» Provided material
──────────

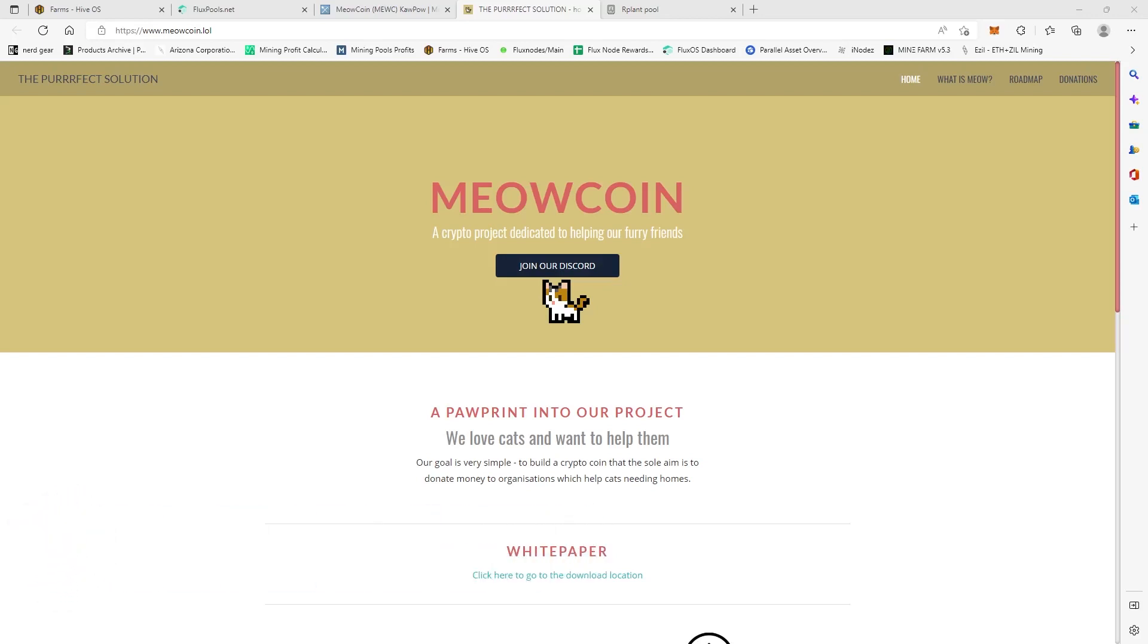Now Meow Coin is on the KawPow algorithm, so it's going to be a little more costly as far as your electric, and it could produce more heat for you depending upon the graphics card that you mine with.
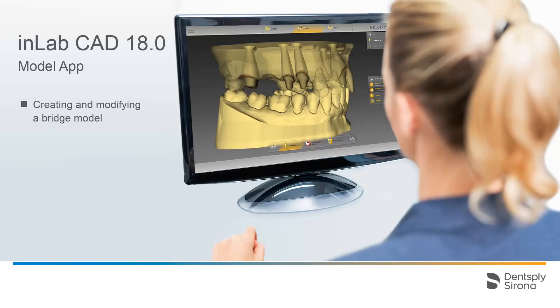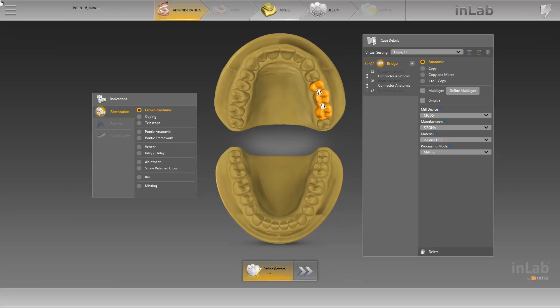Welcome to this video tutorial on the topic of creating a model in case of a bridge restoration. In this video, you will learn how to create and design a model. In our example, we have already imported the necessary model data via the Sorona Connect portal and created a corresponding case in the administration phase.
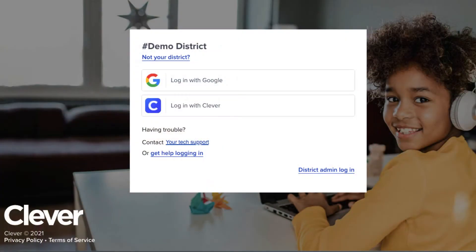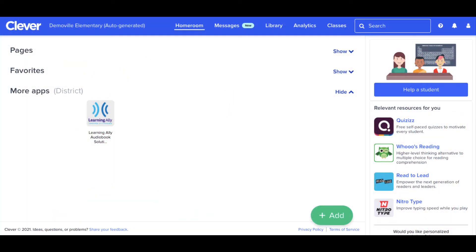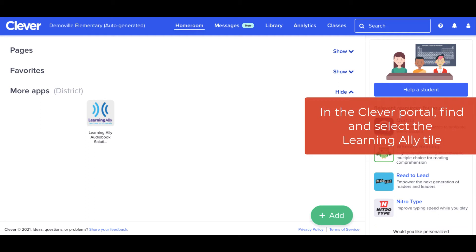Hi! Let's get you logged in to the Learning Ally audiobooks solution through the Clever Portal. Visit your district's Clever Portal and log in using your Clever username and password, or as directed by your tech support team. Contact your tech support team if you need help understanding which way you should log in. In the Clever Portal, find and select the Learning Ally tile.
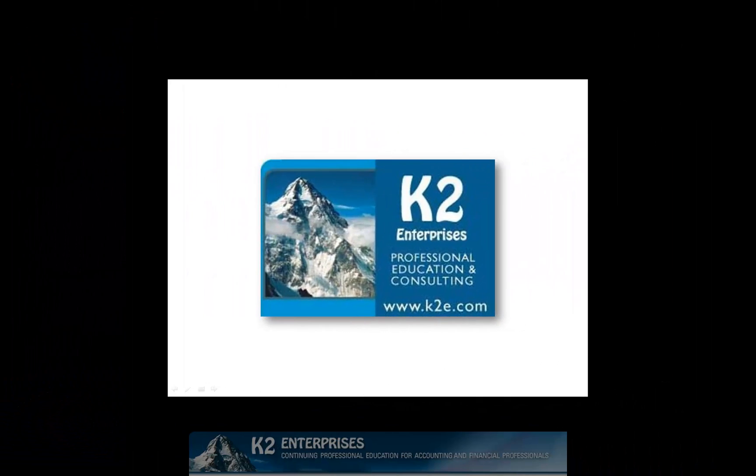On behalf of everyone at K2 Enterprises, thanks for taking time to watch this video tip. For more information on the training courses we offer, please visit our website at www.k2e.com.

──────────

» Task item
Without any pictures, repeat the listing exactly.

» Exercise solution
Now Meow Coin is on the KawPow algorithm, so it's going to be a little more costly as far as your electric, and it could produce more heat for you depending upon the graphics card that you mine with.
Welcome to this video tutorial on the topic of creating a model in case of a bridge restoration. In this video, you will learn how to create and design a model. In our example, we have already imported the necessary model data via the Sorona Connect portal and created a corresponding case in the administration phase.
Hi! Let's get you logged in to the Learning Ally audiobooks solution through the Clever Portal. Visit your district's Clever Portal and log in using your Clever username and password, or as directed by your tech support team. Contact your tech support team if you need help understanding which way you should log in. In the Clever Portal, find and select the Learning Ally tile.
On behalf of everyone at K2 Enterprises, thanks for taking time to watch this video tip. For more information on the training courses we offer, please visit our website at www.k2e.com.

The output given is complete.